> [What this task involves] Find the line containing "For more Excel" in the records below. Copy exactly that line and each one after it, ending at the line containing "But most importantly, don't", and nothing more.

> [Data to examine]
◆ ◆ ◆ ◆ ◆ ◆ ◆
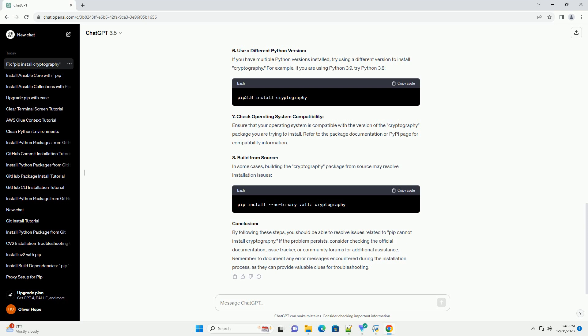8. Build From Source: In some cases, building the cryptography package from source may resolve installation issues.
◆ ◆ ◆ ◆ ◆ ◆ ◆
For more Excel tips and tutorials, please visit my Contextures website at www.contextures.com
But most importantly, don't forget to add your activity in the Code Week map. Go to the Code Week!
◆ ◆ ◆ ◆ ◆ ◆ ◆
> [Answer to this task]
For more Excel tips and tutorials, please visit my Contextures website at www.contextures.com
But most importantly, don't forget to add your activity in the Code Week map. Go to the Code Week!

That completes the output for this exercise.